The strategy segments Australians based on risk of serious diseases characteristics, including age and health conditions as well as risk of exposure characteristics including workplace or residential settings. In considering the risk of exposure characteristics the roll-out strategy has identified a number of occupations and workplace settings which are to be granted early access to vaccines. Whilst unions welcome the inclusion of these high-risk workers, we note that this assessment would appear based on the current epidemiology, where the only cases of COVID-19 are present in returned travellers and does not consider the occupations or workplaces that are likely to be at increased exposure in the event of community transmission.

Given the precarious nature of the epidemiology, and the significant risk of a return to community transmission, we believe a range of essential workers should be considered for early access at Phase 2A. It is worth remembering that in the first two months of Victoria’s second wave we saw a range of occupations and workplace settings impacted by Covid-19. This included more than 400 warehouse workers, 700 retail and supermarket workers along with significant outbreaks in food distribution and logistics.

At the start of February, following earlier advocacy from unions, the Minister for Health and the Attorney-General and Minister for Industrial Relations convened a roundtable with unions and industry to discuss the vaccine roll-out. At this meeting employers and unions urged the government to consider further expansion of the early access phases of vaccination to include other high-risk workers.

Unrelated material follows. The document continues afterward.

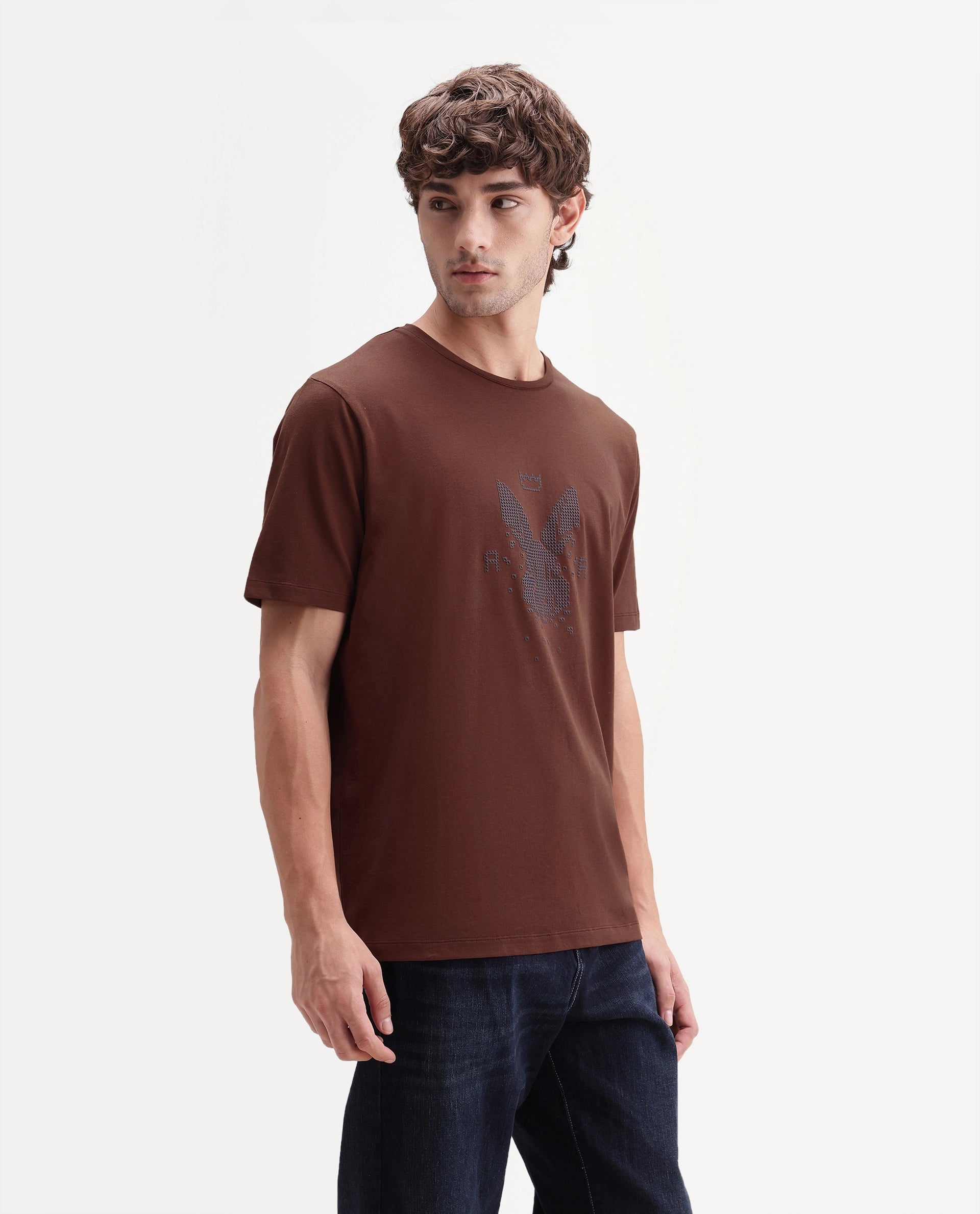 Rare Rabbit Men's Wamble Rust Cotton Blend Crew Neck Regular Graphic Print T-Shirt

The inclusion of essential workers early in the vaccination roll-out is supported by recent overseas research which notes that:

 In the wake of growing evidence that approved vaccines are effective at preventing not only adverse outcomes, but also infection (and hence transmission of SARS-CoV-2), we propose that such age-based roll-outs are both less equitable and less effective than strategies that prioritize essential workers. We demonstrate that strategies that target essential workers earlier consistently outperform those that do not, and that prioritizing essential workers provides a significant level of indirect protection for older adults. This conclusion holds across numerous outcomes, including cases, hospitalizations, Long COVID, deaths and net monetary benefit, and over a range of possible values for the efficacy of vaccination against infection.

As the aim of the vaccination program is the prevention of disease and transmission, the ACTU believes a review of the strategy and inclusion of the indicative occupational groups at higher risk of COVID-19 in the Phase 2A of the vaccine rollout is necessary. The review needs to consider where cases occurred in Victoria during a period of community transmission. Department of Health statistics on outbreaks which occurred in workplaces for the period 1 June to 11 August 2020 recorded the most cases in aged care facilities, schools, abattoirs, hospital/health care, warehouses, food premises/food distribution and childcare, in that order.

The ACTU has previously submitted indicative lists of occupations to be included in the 1A grouping identified as “Hotel Quarantine and Border Work Group”. In this submission we have applied the ATAGI criteria of risk of exposure, risk of severe disease and workers critical to societal functioning. in developing an indicative list of occupations for Phase 2A grouping and taken into account the information of sites of infection that occurred in Victoria in 2020.

It is imperative that the detailed knowledge of actual working conditions and employment arrangements is factored into the prioritisation of indicative occupational groups. The following submission details specific occupations and workplace settings that are, in the event of community transmission both at high risk of exposure and critical to societal functioning. We encourage the federal government to consider these recommendations and review the roll-out strategy to include these high-risk workers.